Anti-inflammatory drugs are often the first step in the treatment of inflammatory bowel disease. Anti-inflammatories include corticosteroids and aminosalicylates, such as mesalamine (Asacol HD, Delzicol,others), balsalazide (Colazal) and olsalazine (Dipentum). Which medication you take depends on the area
of your colon that’s affected.
Immune system suppressors
These drugs work in a variety of ways to suppress the immune response that releases inflammation-inducing chemicals in the intestinal lining. For some people, a combination of these drugs
works better than one drug alone.
Some examples of immunosuppressant drugs include azathioprine (Azasan, Imuran), mercaptopurine (Purinethol, Purixan), cyclosporine (Gengraf, Neoral, Sandimmune) and methotrexate (Trexall).
One class of drugs called tumor necrosis factor (TNF)-alpha inhibitors, or biologics, works by neutralizing a protein produced by your immune system. Examples include infliximab (Remicade), adalimumab (Humira) and golimumab (Simponi). Other biologic therapies that may be used are natalizumab (Tysabri),
vedolizumab (Entyvio) and ustekinumab (Stelara).
Antibiotics may be used in addition to other medications or when infection is a concern — in cases of perianal Crohn’s disease, for example. Frequently prescribed antibiotics include ciprofloxacin (Cipro) and metronidazole (Flagyl).
Other medications and supplements
In addition to controlling inflammation, some medications may help relieve your signs and symptoms, but always talk to your doctor before taking any over-the-counter medications. Depending on the severity of your IBD, your doctor may recommend one or more of the following:
Anti-diarrheal medications. A fiber supplement — such as psyllium powder (Metamucil) or methylcellulose (Citrucel) — can help relieve mild to moderate diarrhea by adding bulk to your
stool. For more severe diarrhea, loperamide (Imodium A-D) may be effective.
Pain relievers. For mild pain, your doctor may recommend acetaminophen (Tylenol, others).However, ibuprofen (Advil, Motrin IB, others), naproxen sodium (Aleve) and diclofenac sodium (Voltaren) likely will make your symptoms worse and can make your disease worse as well.
Iron supplements. If you have chronic intestinal bleeding, you may develop iron deficiency anemia and need to take iron supplements.
Calcium and vitamin D supplements. Crohn’s disease and steroids used to treat it can increase
your risk of osteoporosis, so you may need to take a calcium supplement with added vitamin D.
Your doctor may recommend a special diet given via a feeding tube (enteral nutrition) or nutrients injected into a vein (parenteral nutrition) to treat your IBD. This can improve your overall nutrition and allow the bowel to rest. Bowel rest can reduce inflammation in the short term.

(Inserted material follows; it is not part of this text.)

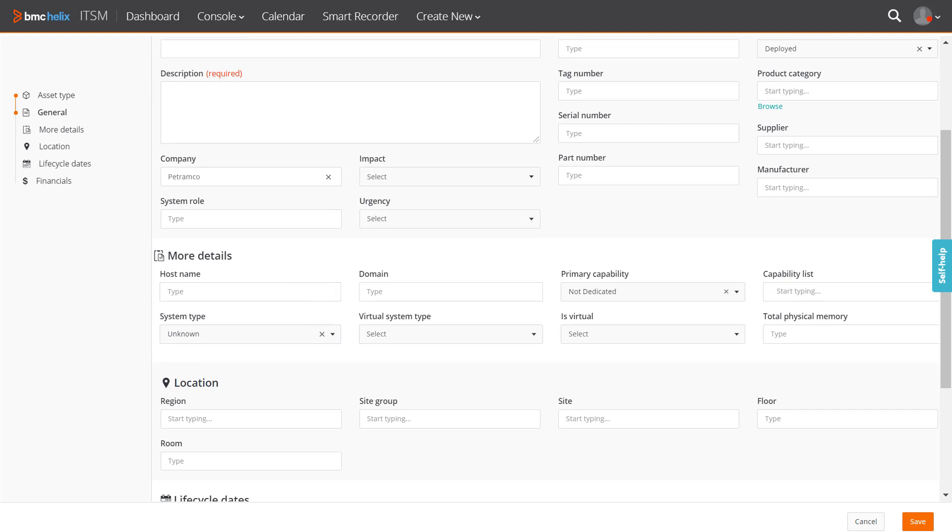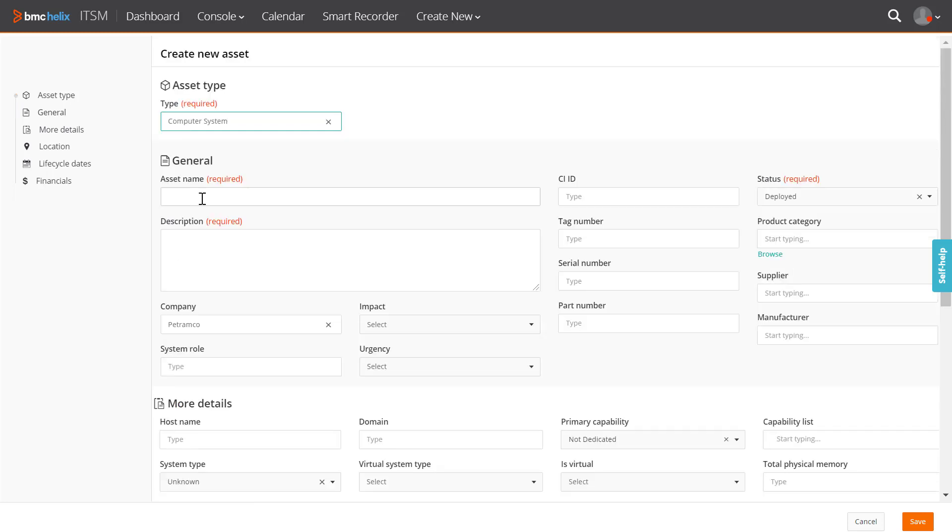Out of the box, Progressive Web Application provides asset specific attributes for computer system, processor, and application asset types. Depending on your requirement, you can add more attributes to these asset types or customize asset views to add attributes for other asset types.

If you have a stenosis or stricture in the bowel, your doctor may recommend a low-residue diet. This will help to minimize the chance that undigested food will get stuck in the narrowed part of the bowel and lead to a blockage.

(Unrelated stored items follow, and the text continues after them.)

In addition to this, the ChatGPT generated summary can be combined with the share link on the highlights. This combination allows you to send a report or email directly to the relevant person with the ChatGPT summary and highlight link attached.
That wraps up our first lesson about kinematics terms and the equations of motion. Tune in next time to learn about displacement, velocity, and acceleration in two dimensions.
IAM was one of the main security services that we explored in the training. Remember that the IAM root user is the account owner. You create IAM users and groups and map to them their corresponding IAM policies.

If diet and lifestyle changes, drug therapy, or other treatments don’t relieve your IBD signs and symptoms, your doctor may recommend surgery.
Surgery for ulcerative colitis. Surgery can often eliminate ulcerative colitis. But that usually means removing your entire colon and rectum (proctocolectomy).
In most cases, this involves a procedure called an ileal pouch anal anastomosis. This procedure eliminates the need to wear a bag to collect stool. Your surgeon constructs a pouch from the end of your small intestine. The pouch is then attached directly to your anus, allowing you to expel waste relatively normally.
In some cases a pouch is not possible. Instead, surgeons create a permanent opening in your abdomen (ileal stoma) through which stool is passed for collection in an attached bag.
Surgery for Crohn’s disease. Up to one-half of people with Crohn’s disease will require at least one surgery. However, surgery does not cure Crohn’s disease.
During surgery, your surgeon removes a damaged portion of your digestive tract and then reconnects the healthy sections. Surgery may also be used to close fistulas and drain abscesses.
The benefits of surgery for Crohn’s disease are usually temporary. The disease often recurs, frequently near the reconnected tissue. The best approach is to follow surgery with medication to minimize the risk of recurrence.